Particularly at issue was the treatment of the general counsel's office — the report alleges that Moure-Eraso hired counsel Richard Loeb without approval of the rest of the board, then sought to push out then-counsel Chris Warner. Warner was later reassigned, a move that Moure-Eraso said was not a demotion.
The incident created a "tense and conflicted time" among the board, according to managing director Daniel Horowitz, and several investigators left.
The report also accuses Moure-Eraso and Horowitz of "micromanaging" investigations and forcing investigators out, stalling ongoing reports like a high-profile investigation into a Tesoro refinery fire in Washington state that took four years to complete.
It's not the first time the board's management has come under fire. A July 2013 IG report noted a lack of "defined performance indicators," an investigator turnover rate of 15 percent, and out-of-date policies as contributing to an investigative backlog. In a letter to the Oversight Committee on Wednesday, California Democrat Henry Waxman, who was involved in establishing the board, described his work with the board to improve decision-making and planning.
Moure-Eraso's confrontational style has been on display before. In hearings after the West, Texas, explosion, he fired off against the Environmental Protection Agency, pointing out "many large holes" in enforcement. And at one of his CSB's meetings last July, he aggressively overruled a request by two other board members to hold a planning meeting on the investigation backlog.
Rosenberg relayed the latter incident to the committee, saying the absence of a plan contributed to "low staff morale" and that the meeting created a tense atmosphere.
The board has since hired a consultant — Moure-Eraso compared it to a "marriage counselor" — to work on management issues.

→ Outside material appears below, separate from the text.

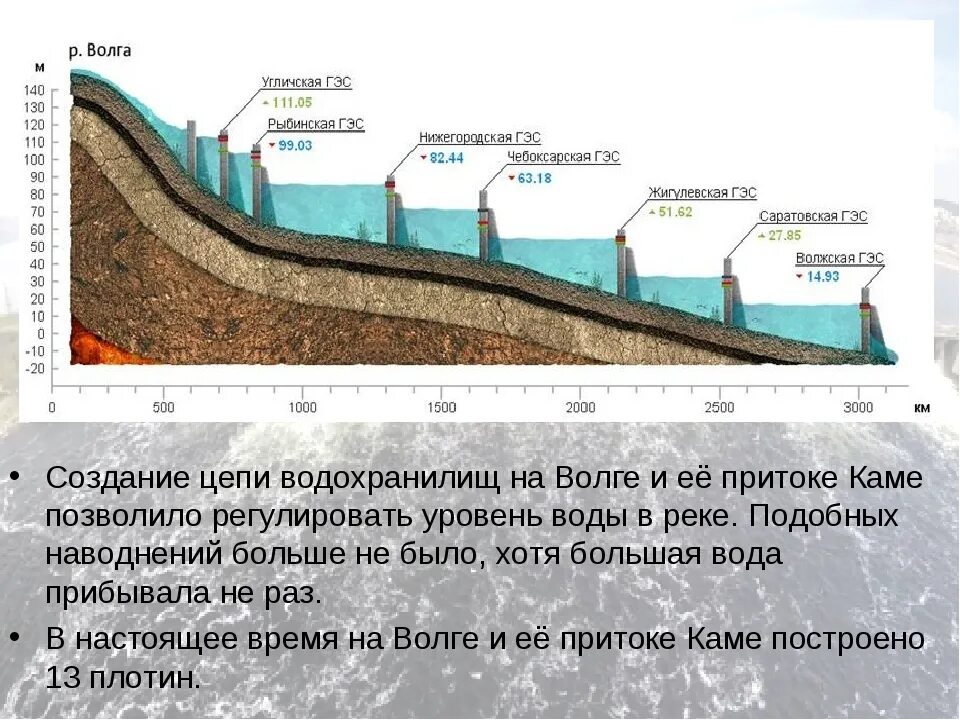 Строение водохранилища. Постройка водохранилища. Схема водохранилища. Схема ГЭС на Волге. Какую роль в экономике играет водохранилище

The case that launched the investigation had to do with the alleged leak of a whistle-blower's identity from CSB. That investigation was referred to the White House Office of Special Counsel, but launched a second one related to the use of personal email accounts to conduct CSB business. Several emails from a private attorney hired by the board were withheld because of attorney-client privilege. During the back-and-forth over the request, accusations flew of obstruction and the CSB even accused the IG's office of asking an employee to wear a wire to meetings with the special counsel.

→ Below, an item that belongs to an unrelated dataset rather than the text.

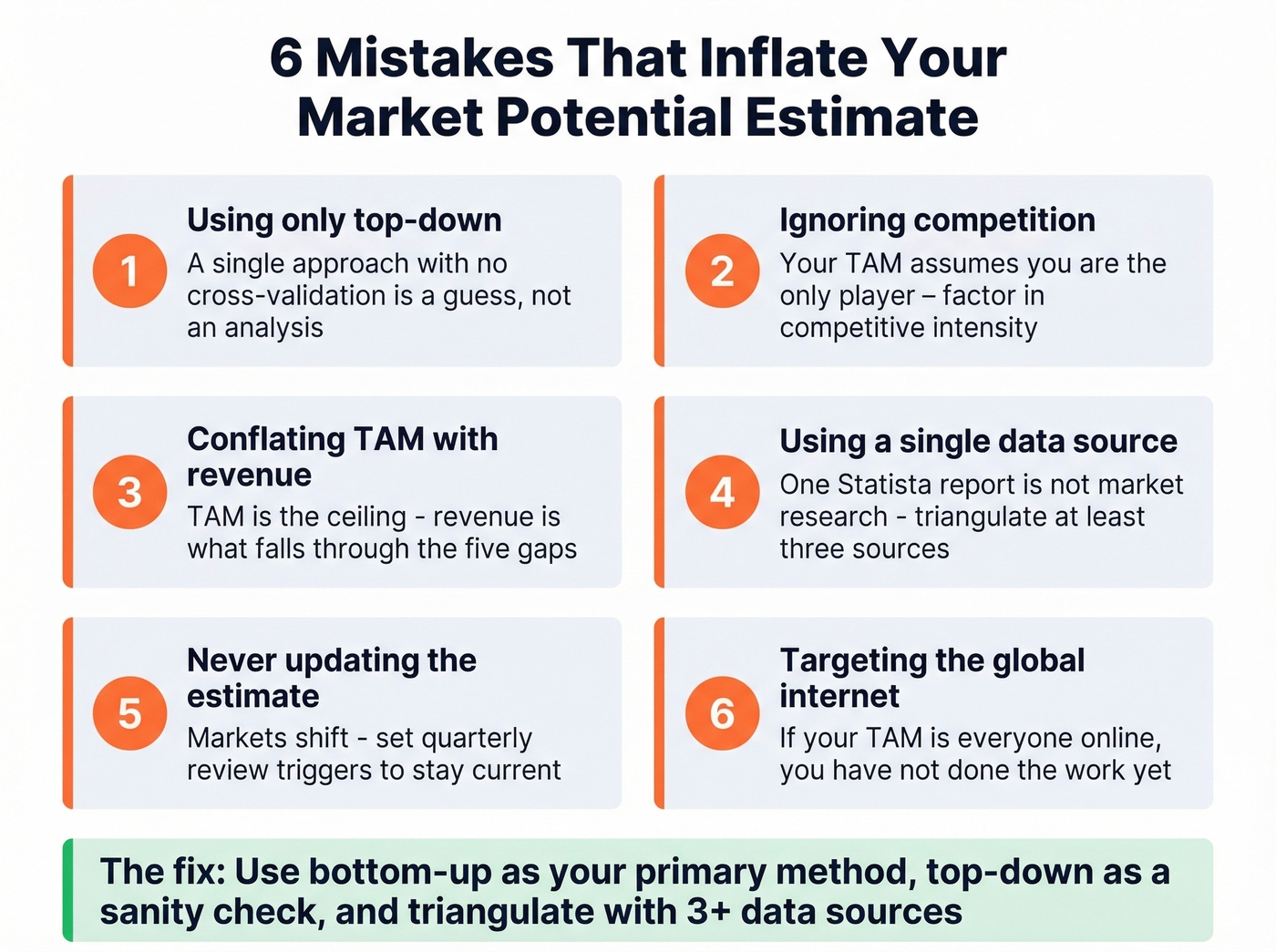 Six common market sizing mistakes with warning indicators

In response, the IG took the rare step of sending a "Seven Day Letter" last September to alert congressional committees to the obstruction (the letters are rarely used; only one was sent between 2008 and 2011, according to a Governmental Accountability Office report). The investigation is still open pending the release of the documents.
The attorney client-privilege issue is a murky one (a Greenwire story from October examined it), but the request won't be going away. Issa said he intends to issue subpoenas that mirror the request against the IG. A failure to comply within seven days, he said, would result in the board members being held in contempt of Congress.
And the committee has alleged that CSB members tried to block the investigation, citing memos that recommended staff not respond to requests from Congress.
Rosenberg recalled having discussions with staff in the ladies room and outside of the agency for fear of reprisal. It all adds up to an environment that she said would make it difficult for the board to carry out its work, which she called "unique and important."
"The agency is broken," she said. "It needs to be rebuilt."